> Problem description
Omit the pictures and reproduce the rest of the listing exactly.

> Material provided
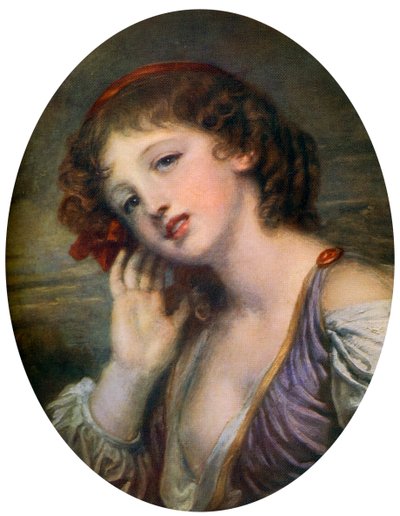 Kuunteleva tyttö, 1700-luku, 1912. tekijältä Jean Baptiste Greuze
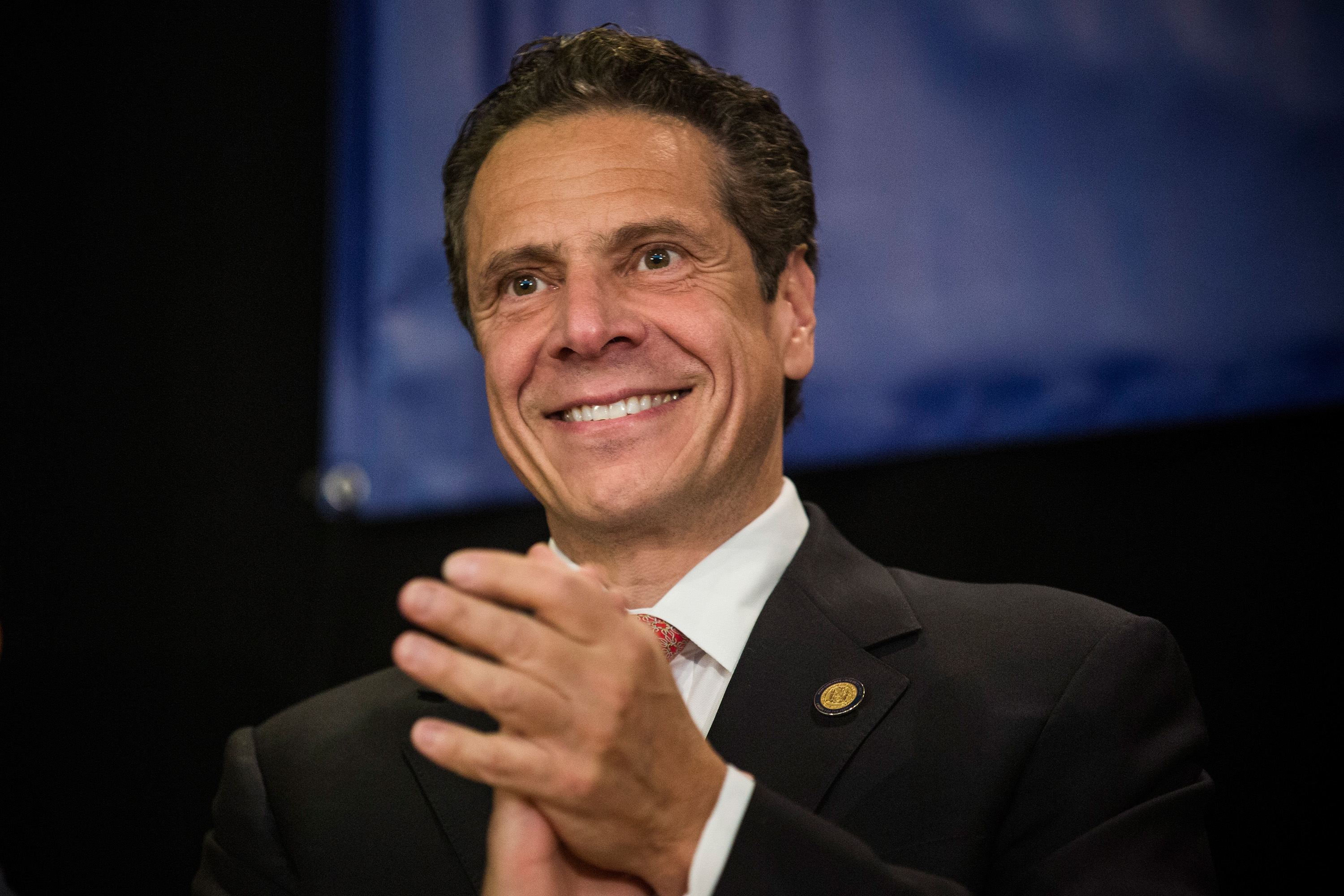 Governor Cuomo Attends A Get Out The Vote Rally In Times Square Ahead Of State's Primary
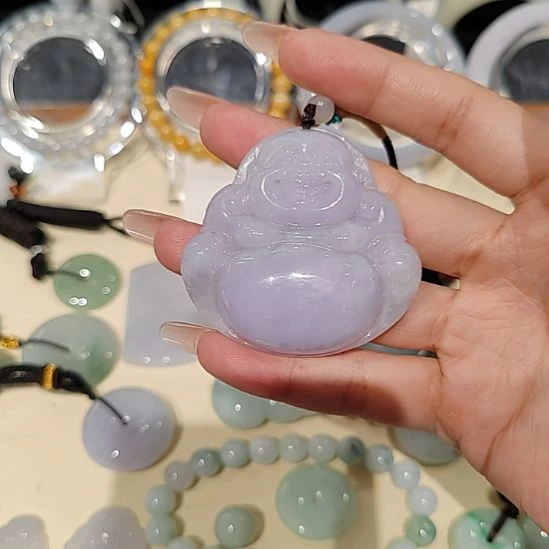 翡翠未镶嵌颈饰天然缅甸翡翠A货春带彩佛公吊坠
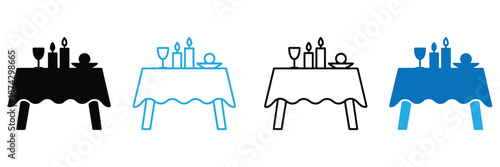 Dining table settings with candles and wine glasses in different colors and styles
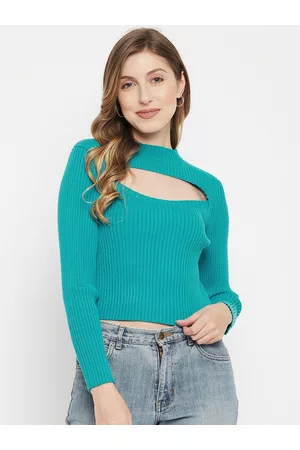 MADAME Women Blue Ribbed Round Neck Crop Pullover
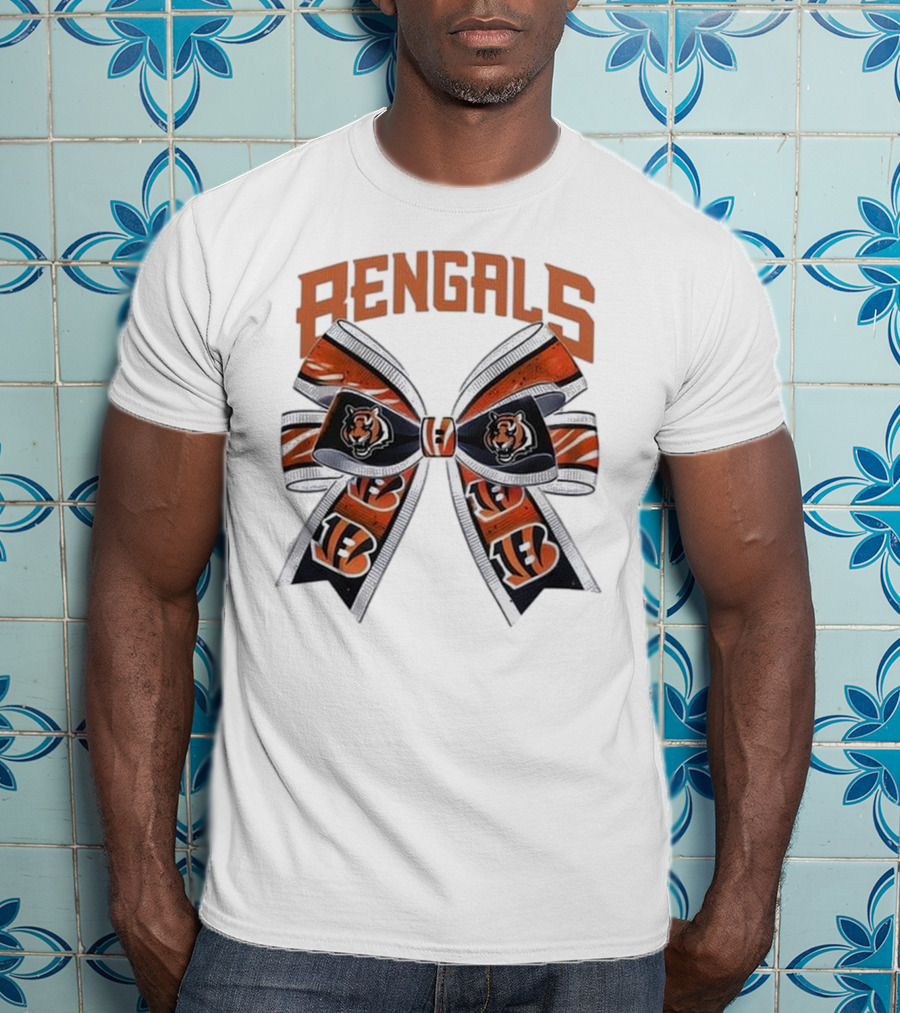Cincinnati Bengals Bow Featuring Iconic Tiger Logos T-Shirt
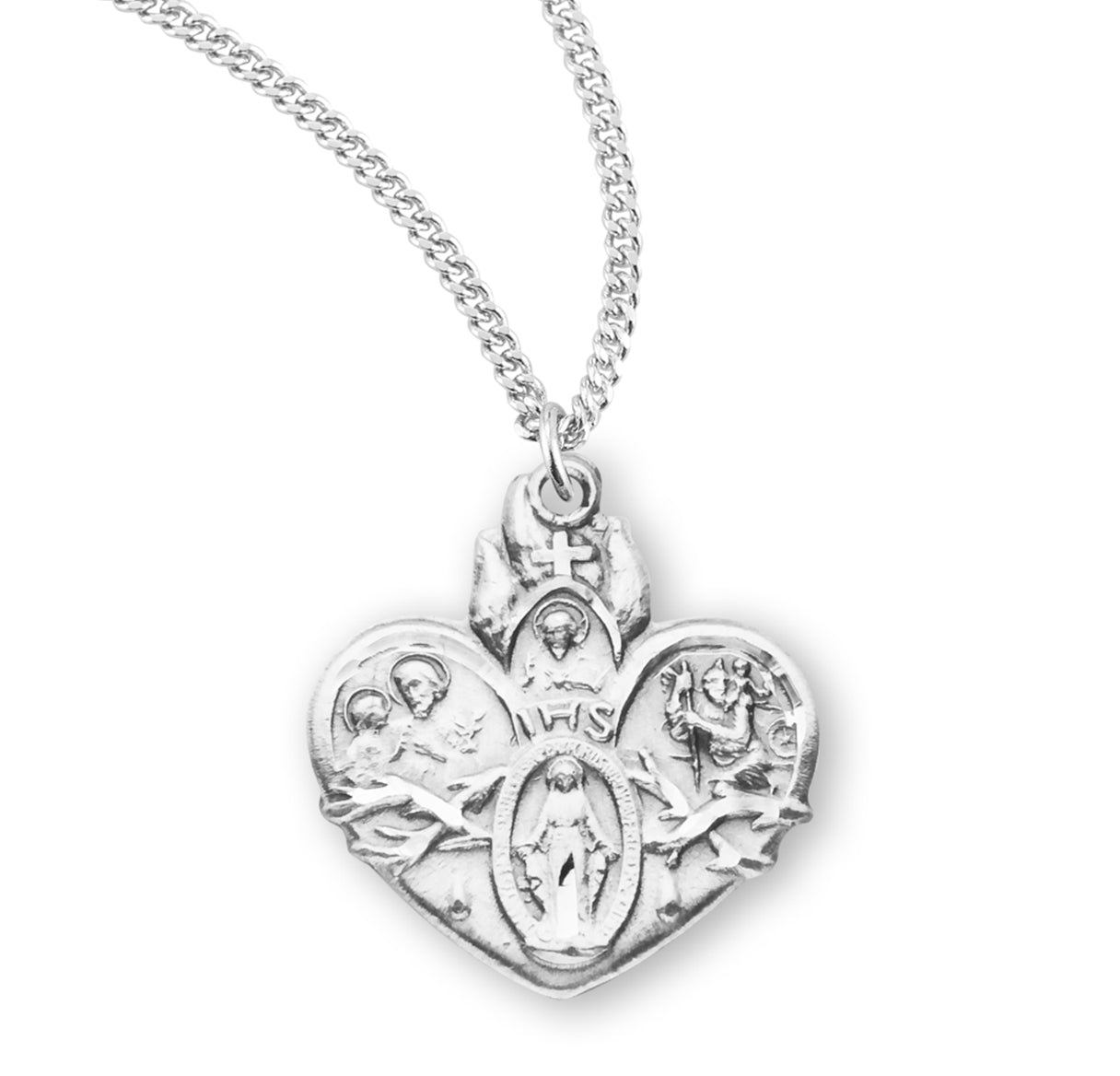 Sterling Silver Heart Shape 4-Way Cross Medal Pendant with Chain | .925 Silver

> Expected answer
 Kuunteleva tyttö, 1700-luku, 1912. tekijältä Jean Baptiste Greuze
 Governor Cuomo Attends A Get Out The Vote Rally In Times Square Ahead Of State's Primary
 翡翠未镶嵌颈饰天然缅甸翡翠A货春带彩佛公吊坠
 Dining table settings with candles and wine glasses in different colors and styles
 MADAME Women Blue Ribbed Round Neck Crop Pullover
Cincinnati Bengals Bow Featuring Iconic Tiger Logos T-Shirt
 Sterling Silver Heart Shape 4-Way Cross Medal Pendant with Chain | .925 Silver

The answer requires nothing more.